In 1985, she moved to L.A. to work for Ocean Pacific. “It was a great job because it got me back around to surf culture, which is so important to Southern California. I was doing color-block board shorts and designing prints. It was a good training ground.”
Her next job was designing a short-lived sportswear collection for swimwear label Anne Cole. When that folded, Turk moved to Bum Equipment “of the awful puff-printed sweat shirts,” she says. It wasn’t her ideal job, but it did allow her to travel the world, visiting factories in Asia and Europe.
“I wanted to work for myself,” she says. “A lot of times I bristled when I knew instinctively something was not going to sell. When you are a cog in the wheel, you don’t always get to set the tone. Plus, I was working in the junior market, and I didn’t ever wear anything I designed.”
When she started her own line in 1995, she was working out of her house. Her parents took out a home equity loan to help fund the first collection, which consisted of bright-colored silk dupioni separates screen-printed with giant photographic prints of flowers. Bebe, at the time a multi-brand retailer, placed a $250,000 order, which ended up financing the company’s first year.
Turk was still honing her design vocabulary. She bought some yardage of vintage silk jersey in fun prints and made simple drawstring skirts and button-down shirts. Fred Segal bought them and “they sold like crazy,” she says. “It made me realize we had to do prints.”
Prints have become the brand DNA. Turk introduces several new ones each season, some entirely original and others reworked from vintage fabrics.
She launched swimwear in 2005 and home accessories soon after that. “We started making pillows out of our fabrics for models to loll around on at photo shoots. Afterward, we would stick them in our stores and they sold really fast,” she says, by way of explaining the decision to go residential. She also produces indoor-outdoor fabrics with Schumacher. And her first bedding collection shipped in April to Neiman Marcus,Macy’s and Bed, Bath & Beyond stores.
Menswear was once an afterthought, but since Skow took over the design two years ago, Mr. Turk is becoming a more robust part of the business. “He was a stylist for 12 years,” Turk says of her husband. “He studied apparel design before he switched to marketing. He knows a lot about clothes.

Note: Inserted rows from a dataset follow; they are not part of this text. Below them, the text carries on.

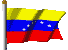 VENEZUELA - GIF, 68x50 pixels, 6.4 KB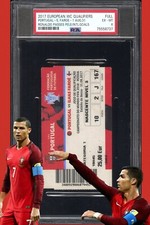 Cristiano ronaldo cr7 for sale  BRISTOL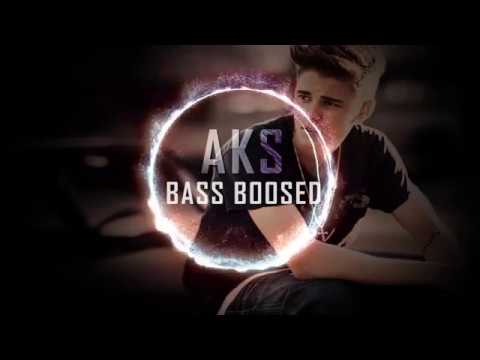 download lagu mp3 mp4 Justin Bieber Baby Indian Remix, download lagu Justin Bieber Baby Indian Remix gratis, unduh video klip Download Justin Bieber Baby Indian Remix Mp3 dan Mp4 Youtube Gratis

When we first met, we spent most of our time vintage-clothing shopping — more time doing that than going to classes.” Skow is building a fan base that includes Decades owner Cameron Silver for his vintage-y, slim-fit, horizon stripe “Thurston” blazers and trousers and citrus plaid “Slim Jim” shirts.
There are eight Trina Turk boutiques, including one in L.A., a summer-only store in East Hampton, N.Y., and the recently renovated Palm Springs boutique, which has distinct spaces for all of Turk’s product categories.
While the Palm Springs look has certainly been mined by a lot of apparel brands of late (J. Crew, Tory Burch), Turk isn’t worried. “We’re the authentic brand because we’re here in California making clothes in L.A. And they’re making clothes in China, and they are from the East Coast,” she says. “I feel like we can own it.”
Besides, nowadays, she gets inspiration from all over — such as the Coachella Valley Music & Art Festival (she blogged about this year’s festival fashion, and Skow took photos) and Capri, Italy, where the couple recently vacationed with their friends and frequent travel companions, interior designer Jonathan Adler and Barneys New York creative director Simon Doonan. In stores now, Turk’s “Silk Road Rendezvous” collection features paisleys and Jaipur florals inspired by India.
“Trina’s design sensibility is playful, but her approach to creativity is very serious,” Doonan says. “Whenever we go on vacation together she is constantly harvesting inspiration, whether from twinkly teens or glamorous grannies, rock-formations, lumps of coral piles or fruit. She is Miss Eagle-Eye. Her approach to fashion is very life-affirming: It’s about glamour and non-sleazy hedonism.”